_YOUR TASK_
Any image found in the entries is to be skipped; the rest is returned word for word.
Start of GIVEN DATA
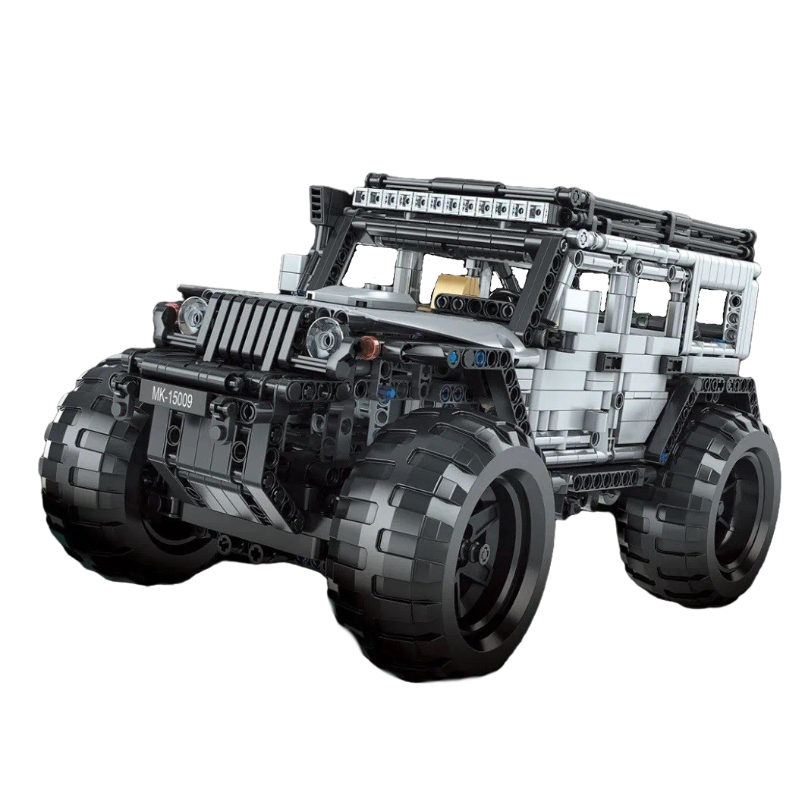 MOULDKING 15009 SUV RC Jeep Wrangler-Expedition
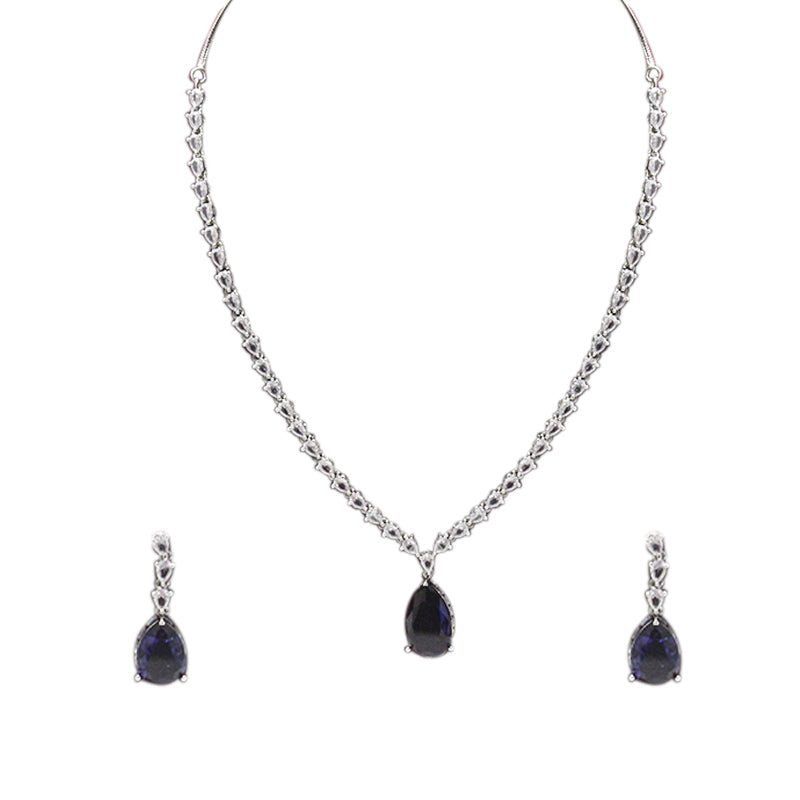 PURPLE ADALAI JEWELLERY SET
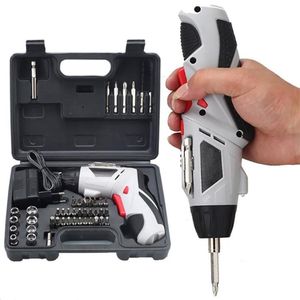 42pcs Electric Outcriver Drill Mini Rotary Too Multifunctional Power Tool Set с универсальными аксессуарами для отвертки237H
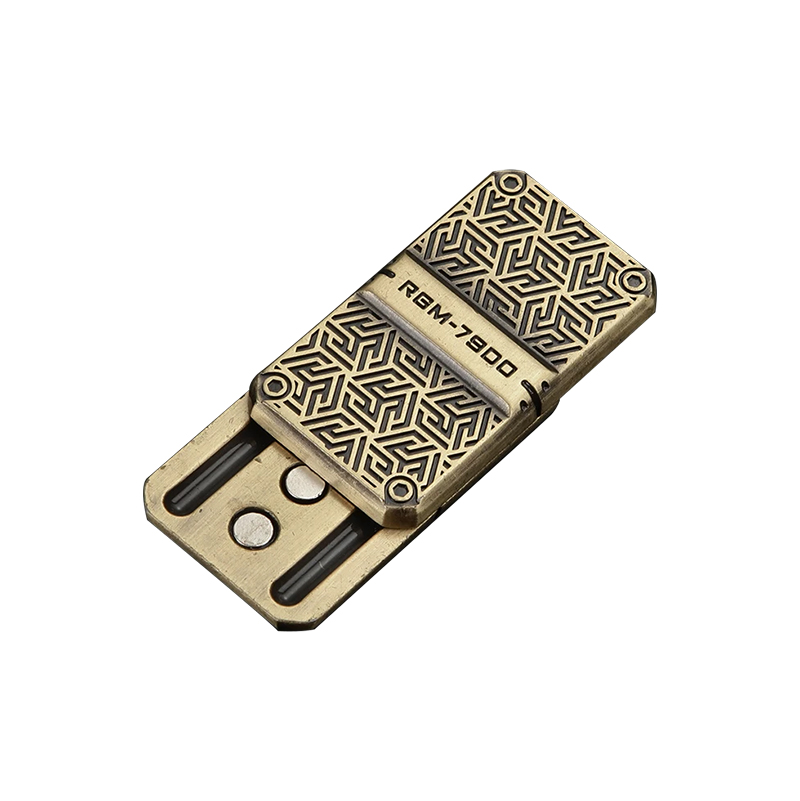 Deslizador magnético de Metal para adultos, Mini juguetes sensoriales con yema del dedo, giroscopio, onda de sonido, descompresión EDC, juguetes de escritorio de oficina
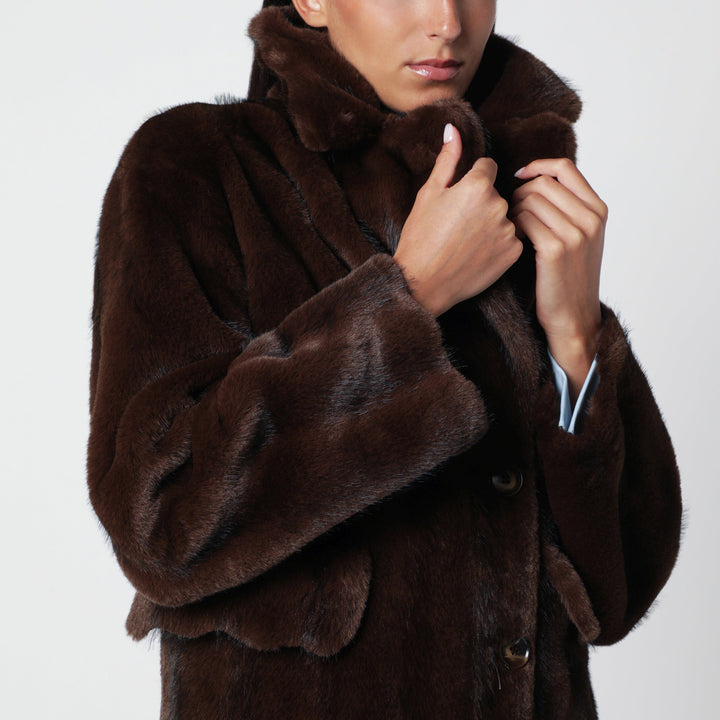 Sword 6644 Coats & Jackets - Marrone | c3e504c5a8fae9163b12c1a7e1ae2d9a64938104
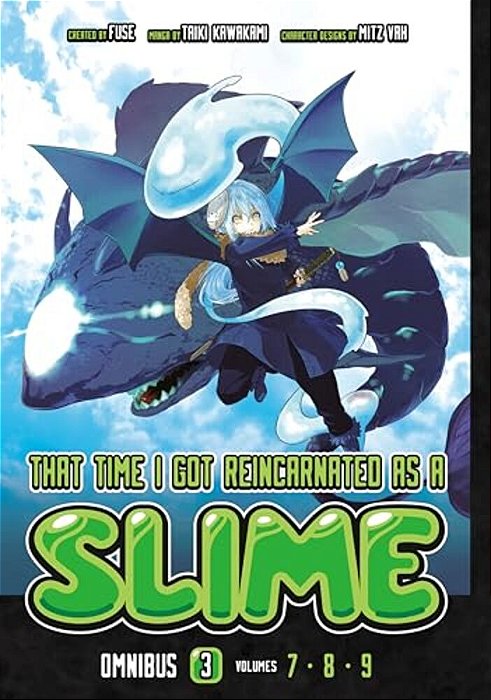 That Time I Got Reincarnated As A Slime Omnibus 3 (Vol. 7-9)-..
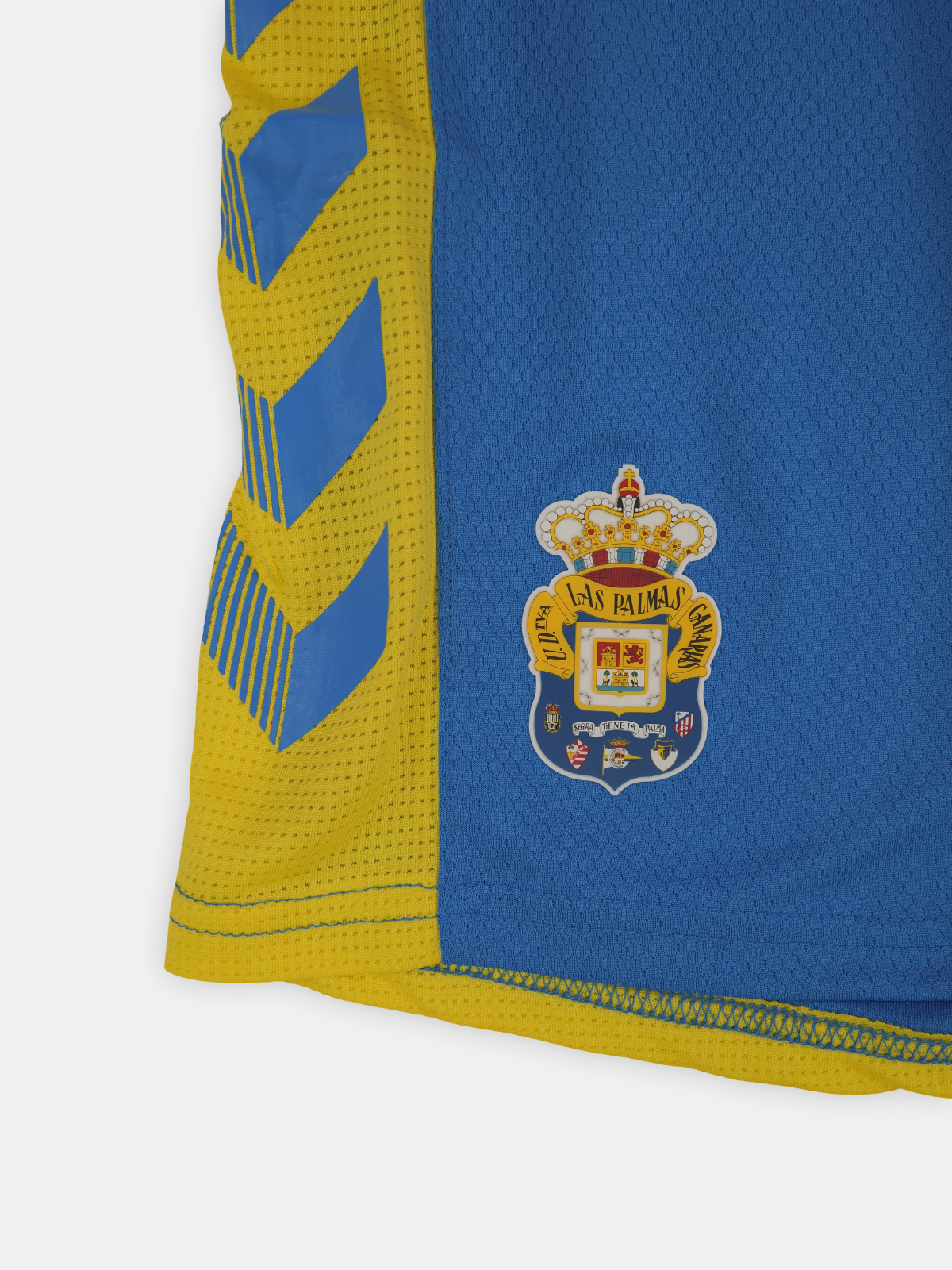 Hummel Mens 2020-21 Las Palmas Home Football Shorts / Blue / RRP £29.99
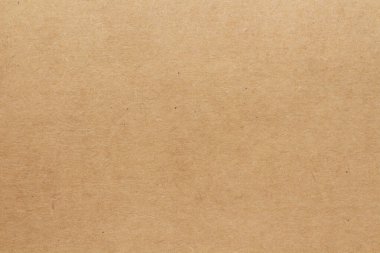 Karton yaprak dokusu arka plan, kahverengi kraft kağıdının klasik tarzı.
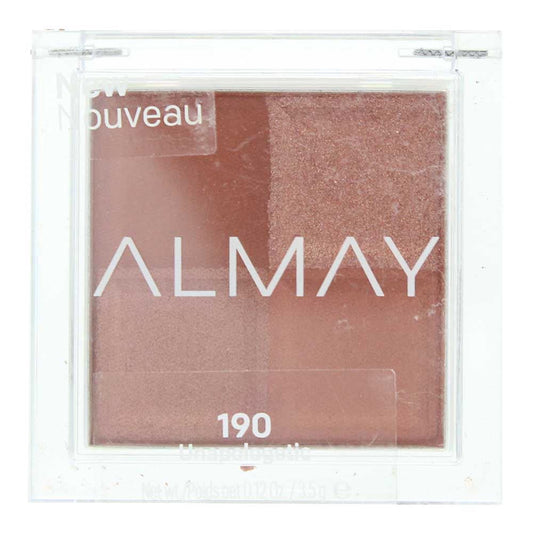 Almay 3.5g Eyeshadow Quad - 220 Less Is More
End of GIVEN DATA
_ANSWER TO THE EXERCISE_
 MOULDKING 15009 SUV RC Jeep Wrangler-Expedition
 PURPLE ADALAI JEWELLERY SET
 42pcs Electric Outcriver Drill Mini Rotary Too Multifunctional Power Tool Set с универсальными аксессуарами для отвертки237H
 Deslizador magnético de Metal para adultos, Mini juguetes sensoriales con yema del dedo, giroscopio, onda de sonido, descompresión EDC, juguetes de escritorio de oficina
 Sword 6644 Coats & Jackets - Marrone | c3e504c5a8fae9163b12c1a7e1ae2d9a64938104
 That Time I Got Reincarnated As A Slime Omnibus 3 (Vol. 7-9)-..
 Hummel Mens 2020-21 Las Palmas Home Football Shorts / Blue / RRP £29.99
 Karton yaprak dokusu arka plan, kahverengi kraft kağıdının klasik tarzı.
 Almay 3.5g Eyeshadow Quad - 220 Less Is More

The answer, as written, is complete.